The politics of power can be very complicated in any service-learning situation. Who has power? Who has the ability to make decisions? Who benefits from those decisions? The context of international service-learning is no exception to the complexities of power; in fact, working across differing cultures, national borders, and economic levels with university students only amplifies the dynamics of power (Ogden, 2007; Peet, 2007). International service-learning sits at the interdisciplinary intersection of education abroad and international development with university students engaging in communities in development capacities. International service-learning is connected to many positive outcomes for students such as the development of global citizenship (Hartman, 2014), enhanced intercultural tolerance and awareness (Kiely, 2004), the development of social capital (Lough & Matthews, 2013; Perold et al., 2012), workforce preparedness (Wells, 2006), and a critical examination of self-identity (Prins & Webster, 2010). However, it can also be a setting where local people may be exploited, degraded, or patronized in the interest of the learning of a student from the Global North (Ogden, 2007; Perold et al., 2012).

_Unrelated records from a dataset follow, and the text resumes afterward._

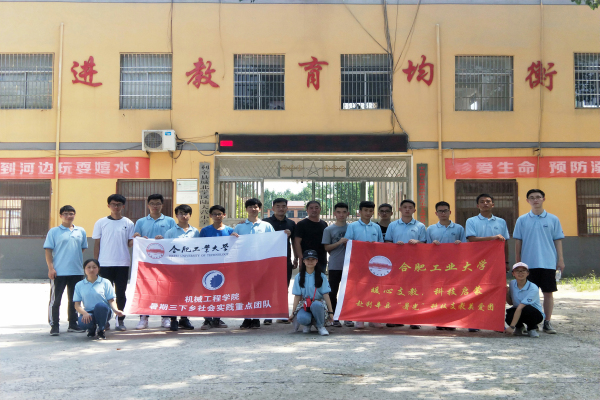 20180802184240884858.jpg TIM图片20180716162954.jpg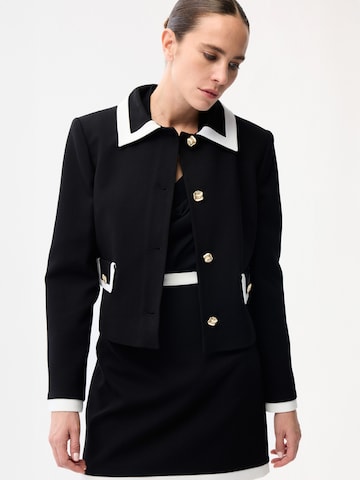 adl Blazer‌ in Schwarz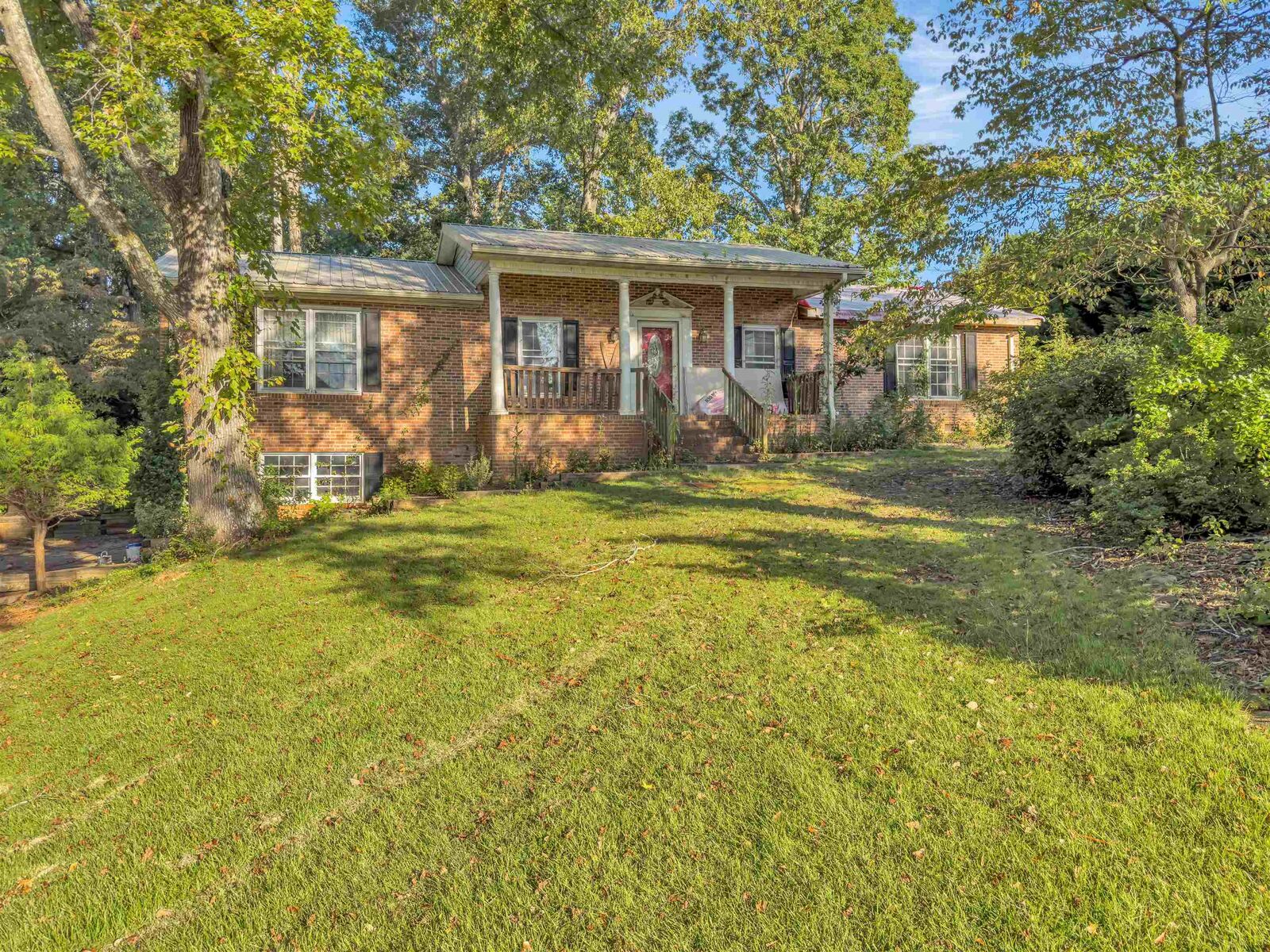 Property Photo: 41 Green Acres Drive SC 29316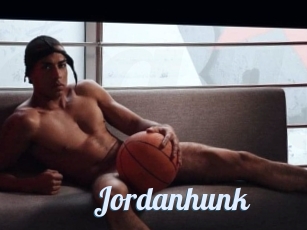 Jordanhunk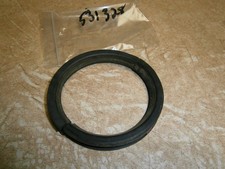 Studebaker 531328 1540603 Crankshaft Rear Main Seal Commander Engine 1949-60 Studebaker 531328 1540603 Crankshaft Rear Main Seal Commander Engine 1949-60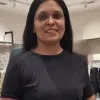 Hemangini Bhavsar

The purpose of this chapter is to explore key theoretical concepts relevant to the planning and implementation of international (and domestic) service-learning programs. This chapter will explore the power dynamics of international service-learning, through four key theoretical concepts: problem definition, the politics of power, local knowledge, and framing. The concepts outlined in this chapter will be especially useful for university faculty members, program coordinators, and those organizing international service-learning programs for teacher education students. With a more rigorous understanding of the complexities and power dynamics of international service-learning programs, program coordinators will be able to design, implement, and evaluate better programs that have benefits for both visiting students and local community members.

The following conceptual framework outlines the concepts identified and discussed in this chapter (Figure 1).

Figure 1.

Conceptual framework of key theoretical considerations for international service-learning

This model identifies the many people who are involved in a service-learning partnership among both the university and local community. Each of these people may have varying degrees of power or influence in a relationship and may have varying insights into what makes an effective or detrimental service-learning program. The four concepts discussed throughout this chapter are identified in the center of the model: problem definition, politics of power, local knowledge, and framing. Each of these concepts is relevant for participants from both sides of the framework – both US universities and local community members.

There are many questions to be asked of a teacher education international service-learning program outlined in this chapter: Who gets to decide on what is a problem or challenge to be addressed in a community? Is it the local community members or the university participants from the outside? Who has the ability to make decisions about this partnership? Can local people make changes? Who has relevant knowledge to address challenges? Is the knowledge of local teachers, school administrators, and students deemed to have value? What about the students and professors from the university from the Global North? How are visiting university participants viewed by the local community members and vice versa? While these concepts are relevant for any service-learning partnerships, they are particularly appropriate for international service-learning programs.

Key Terms in this Chapter

Global North: A geographic and economic term commonly used in the fields of international education and international development referring to wealthier nations in Western Europe and North America.

Global South: A geographic but also economic term commonly used in the fields of international education and international development referring to less wealthy nations in Latin America, Middle East, Sub-Saharan Africa, and Southern Asia.

University Partners: Individuals involved with a university partnership in a local community whether they be students, faculty members, staff, or university administrators.

Problem Definition: A complex political process involving people with varying interests and views of what a problem is. Whose interests and voices count is important. This is not a straight-forward step-by-step technical exercise but rather a process of recognizing complexities and power inherent in being able to make decisions.

Politics of Power: A critical examination of who has power and why. This does not involve politicians and governmental structures but rather regular people engaged in their own communities and spheres of influence to bring about change.